Friday, November 30, 2007

Extreme Gene Transfer and Speciation, Part I

This is a bit off the topic of protein folding, but I feel it's an extremely important topic to think about, if you work in molecular biology.

Think of how you would explain the following riddle.

If you go in your back yard with a spoon and dig up a spoonful of topsoil, I can virtually guarantee that you will be able to find Pseudomonas aeruginosa somewhere in that soil sample.

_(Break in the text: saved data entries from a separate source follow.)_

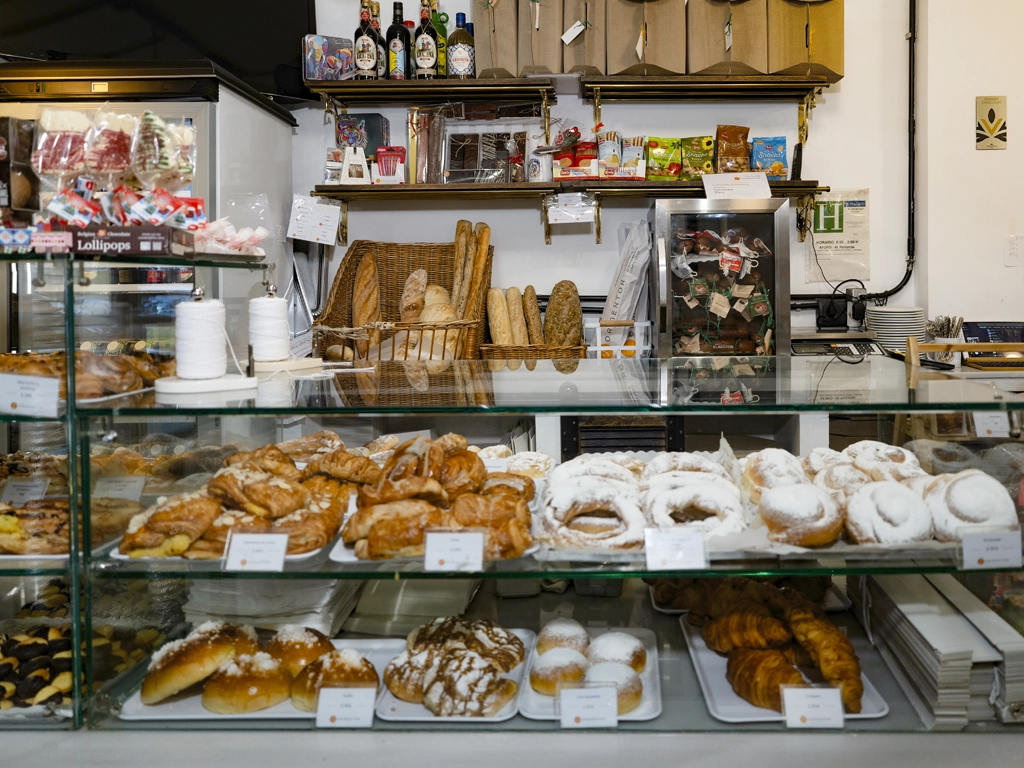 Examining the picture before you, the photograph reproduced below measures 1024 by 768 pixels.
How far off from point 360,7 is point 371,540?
3728 millimetres

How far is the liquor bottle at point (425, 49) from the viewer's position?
4117 mm

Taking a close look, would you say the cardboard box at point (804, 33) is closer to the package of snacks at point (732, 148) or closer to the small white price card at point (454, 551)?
the package of snacks at point (732, 148)

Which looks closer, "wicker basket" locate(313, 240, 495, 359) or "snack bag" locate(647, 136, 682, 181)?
"wicker basket" locate(313, 240, 495, 359)

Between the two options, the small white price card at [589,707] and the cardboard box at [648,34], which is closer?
the small white price card at [589,707]

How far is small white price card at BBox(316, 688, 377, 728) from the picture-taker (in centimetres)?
141

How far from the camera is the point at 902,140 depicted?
14.6 ft

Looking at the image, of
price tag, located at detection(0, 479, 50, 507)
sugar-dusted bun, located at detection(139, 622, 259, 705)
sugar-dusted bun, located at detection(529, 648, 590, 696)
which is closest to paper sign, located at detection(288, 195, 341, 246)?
price tag, located at detection(0, 479, 50, 507)

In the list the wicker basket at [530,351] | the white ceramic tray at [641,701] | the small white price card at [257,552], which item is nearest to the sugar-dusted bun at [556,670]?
the white ceramic tray at [641,701]

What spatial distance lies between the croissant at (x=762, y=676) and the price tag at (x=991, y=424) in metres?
0.50

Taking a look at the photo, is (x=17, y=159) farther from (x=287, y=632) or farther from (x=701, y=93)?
(x=701, y=93)

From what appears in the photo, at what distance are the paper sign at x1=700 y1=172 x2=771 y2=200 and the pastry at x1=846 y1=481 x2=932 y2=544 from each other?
272 centimetres

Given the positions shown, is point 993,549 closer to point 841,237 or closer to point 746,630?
point 746,630

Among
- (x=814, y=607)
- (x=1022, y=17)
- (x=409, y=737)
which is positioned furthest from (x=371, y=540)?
(x=1022, y=17)

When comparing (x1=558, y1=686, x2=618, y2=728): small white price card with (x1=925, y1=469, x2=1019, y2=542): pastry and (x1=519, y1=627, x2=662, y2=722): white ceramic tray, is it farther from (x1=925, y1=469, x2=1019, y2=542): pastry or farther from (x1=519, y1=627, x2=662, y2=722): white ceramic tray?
(x1=925, y1=469, x2=1019, y2=542): pastry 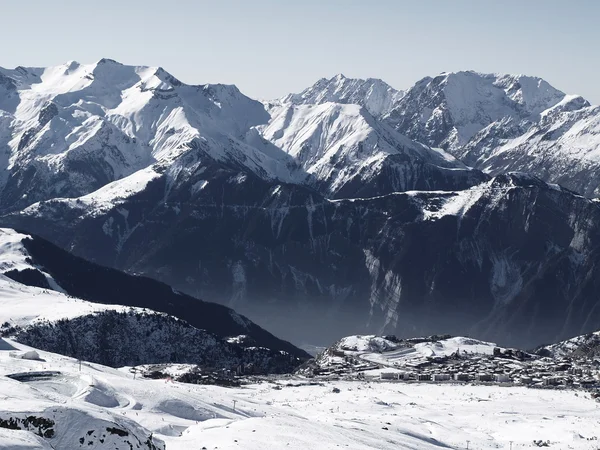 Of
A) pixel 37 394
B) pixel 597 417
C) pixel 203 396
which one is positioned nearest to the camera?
pixel 37 394

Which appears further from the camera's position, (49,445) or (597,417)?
(597,417)

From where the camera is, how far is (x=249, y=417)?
458 ft

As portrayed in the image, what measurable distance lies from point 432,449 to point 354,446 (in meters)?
22.2

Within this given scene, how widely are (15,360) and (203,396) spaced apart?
92.3 feet

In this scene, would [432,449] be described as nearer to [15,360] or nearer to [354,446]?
[354,446]

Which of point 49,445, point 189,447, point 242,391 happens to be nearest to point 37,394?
point 189,447

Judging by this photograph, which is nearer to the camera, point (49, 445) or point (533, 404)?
point (49, 445)

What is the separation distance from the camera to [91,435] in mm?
78875

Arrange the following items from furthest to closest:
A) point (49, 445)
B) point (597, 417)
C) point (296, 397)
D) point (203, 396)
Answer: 1. point (296, 397)
2. point (597, 417)
3. point (203, 396)
4. point (49, 445)

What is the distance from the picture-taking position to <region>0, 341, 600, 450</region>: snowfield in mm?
81625

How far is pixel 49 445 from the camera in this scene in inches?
2923

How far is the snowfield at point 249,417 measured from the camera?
268 feet

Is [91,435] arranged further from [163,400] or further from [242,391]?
[242,391]

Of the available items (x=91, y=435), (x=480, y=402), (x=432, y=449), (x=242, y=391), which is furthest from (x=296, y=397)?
(x=91, y=435) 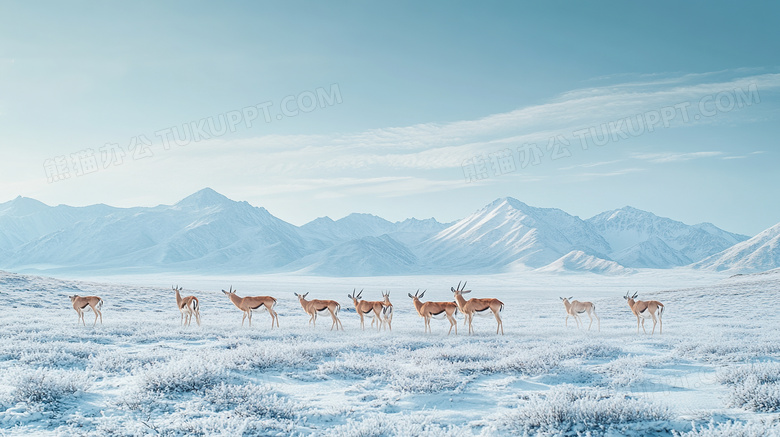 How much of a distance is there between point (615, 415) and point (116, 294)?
4759 centimetres

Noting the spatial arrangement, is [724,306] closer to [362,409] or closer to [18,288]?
[362,409]

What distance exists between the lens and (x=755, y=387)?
344 inches

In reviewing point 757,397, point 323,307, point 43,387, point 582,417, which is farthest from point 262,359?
point 757,397

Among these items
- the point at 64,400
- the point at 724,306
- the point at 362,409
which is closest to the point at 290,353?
the point at 362,409

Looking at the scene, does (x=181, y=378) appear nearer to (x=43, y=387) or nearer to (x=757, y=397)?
(x=43, y=387)

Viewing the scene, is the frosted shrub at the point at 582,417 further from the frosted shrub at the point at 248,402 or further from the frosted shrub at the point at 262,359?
the frosted shrub at the point at 262,359

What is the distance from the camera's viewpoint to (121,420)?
8148 mm

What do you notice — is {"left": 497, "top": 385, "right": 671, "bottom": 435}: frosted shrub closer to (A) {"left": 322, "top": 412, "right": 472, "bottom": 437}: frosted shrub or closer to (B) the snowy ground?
(B) the snowy ground

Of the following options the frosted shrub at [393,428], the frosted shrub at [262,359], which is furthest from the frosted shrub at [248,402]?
the frosted shrub at [262,359]

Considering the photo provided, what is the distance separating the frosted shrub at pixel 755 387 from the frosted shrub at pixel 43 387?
42.9 feet

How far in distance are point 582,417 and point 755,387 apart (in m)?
3.83

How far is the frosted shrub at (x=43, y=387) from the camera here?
8712 millimetres

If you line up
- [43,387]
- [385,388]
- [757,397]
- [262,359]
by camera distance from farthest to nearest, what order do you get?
[262,359]
[385,388]
[43,387]
[757,397]

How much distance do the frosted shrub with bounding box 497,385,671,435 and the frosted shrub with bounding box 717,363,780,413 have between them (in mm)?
1772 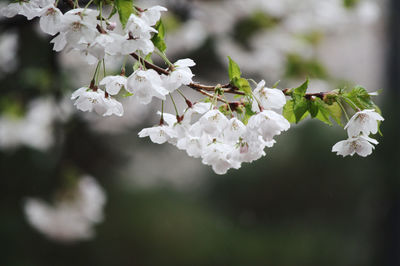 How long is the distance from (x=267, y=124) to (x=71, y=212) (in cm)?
116

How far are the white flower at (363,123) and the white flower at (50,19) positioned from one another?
349 mm

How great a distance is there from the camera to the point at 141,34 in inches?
17.2

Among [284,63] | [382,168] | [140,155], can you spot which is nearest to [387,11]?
[382,168]

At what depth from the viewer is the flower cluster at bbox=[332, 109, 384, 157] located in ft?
1.61

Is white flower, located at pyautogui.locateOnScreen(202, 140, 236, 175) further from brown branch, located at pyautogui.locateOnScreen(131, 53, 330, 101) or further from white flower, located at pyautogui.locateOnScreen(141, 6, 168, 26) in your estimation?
white flower, located at pyautogui.locateOnScreen(141, 6, 168, 26)

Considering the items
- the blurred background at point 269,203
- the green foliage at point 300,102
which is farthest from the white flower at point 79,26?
the blurred background at point 269,203

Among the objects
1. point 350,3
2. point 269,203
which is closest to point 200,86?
point 350,3

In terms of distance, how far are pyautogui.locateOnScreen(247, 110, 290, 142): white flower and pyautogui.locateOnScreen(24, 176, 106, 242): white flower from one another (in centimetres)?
102

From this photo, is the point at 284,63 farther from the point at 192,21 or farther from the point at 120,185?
the point at 120,185

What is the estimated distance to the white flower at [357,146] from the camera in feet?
1.69

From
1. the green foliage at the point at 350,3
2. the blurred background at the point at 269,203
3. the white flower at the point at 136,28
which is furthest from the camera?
the blurred background at the point at 269,203

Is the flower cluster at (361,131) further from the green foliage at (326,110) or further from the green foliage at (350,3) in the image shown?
the green foliage at (350,3)

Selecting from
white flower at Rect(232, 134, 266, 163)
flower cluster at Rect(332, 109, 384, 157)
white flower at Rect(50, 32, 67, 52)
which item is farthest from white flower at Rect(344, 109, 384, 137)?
white flower at Rect(50, 32, 67, 52)

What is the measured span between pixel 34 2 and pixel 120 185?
2.88 metres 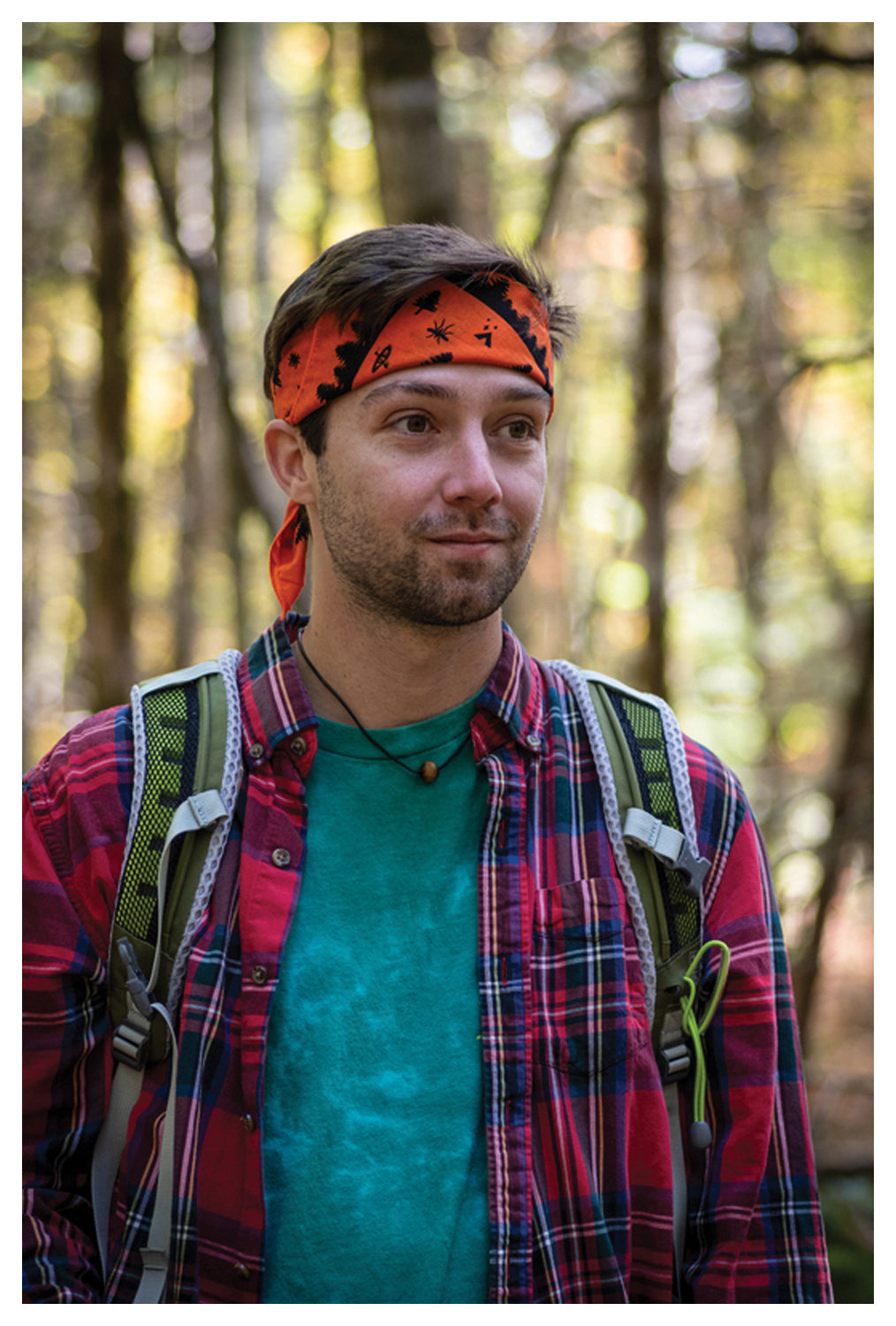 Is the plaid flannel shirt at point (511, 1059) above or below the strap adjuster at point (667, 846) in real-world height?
below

I can do the same thing. My back yard has (some) topsoil, and I' m sure it contains Pseudomonas aeruginosa.

As it turns out, I live in Connecticut, about an hour from New York City. But if I go to any grassy area of Central Park and dig down an inch or two into the topsoil, I'm confident I will be able to find our good friend Pseudomonas aeruginosa.

Bear in mind, on a bacterial scale, my back yard is about as far from Central Park as Earth is from Venus.

Now then. If I travel 10,000 miles to Sydney, Australia, I will find topsoil there, too, and in the topsoil I am quite confident that I can (once again) find Pseudomonas aeruginosa. This time, on a bacterial scale, I have done the equivalent of traveling something like ten solar-system diameters.

One might ask how it is that an organism of Pseudomonas aeruginosa's size and limited ability to travel could possibly be found over such a wide area (encompassing my back yard in Connecticut, Central Park in Manhattan, and somebody's back yard is Sydney). True, Pseudomonas aeruginosa has a flagellum. But I don't think a flagellum helps, it this case.

Someone can say, "Well, you can explain the widespread distribution of Pseudomonas aeruginosa by the physical transport of dirt through the air, or by birds carrying the organism on their claws." This kind of answer is, if not particularly satisfying, at least within the bounds of plausibility.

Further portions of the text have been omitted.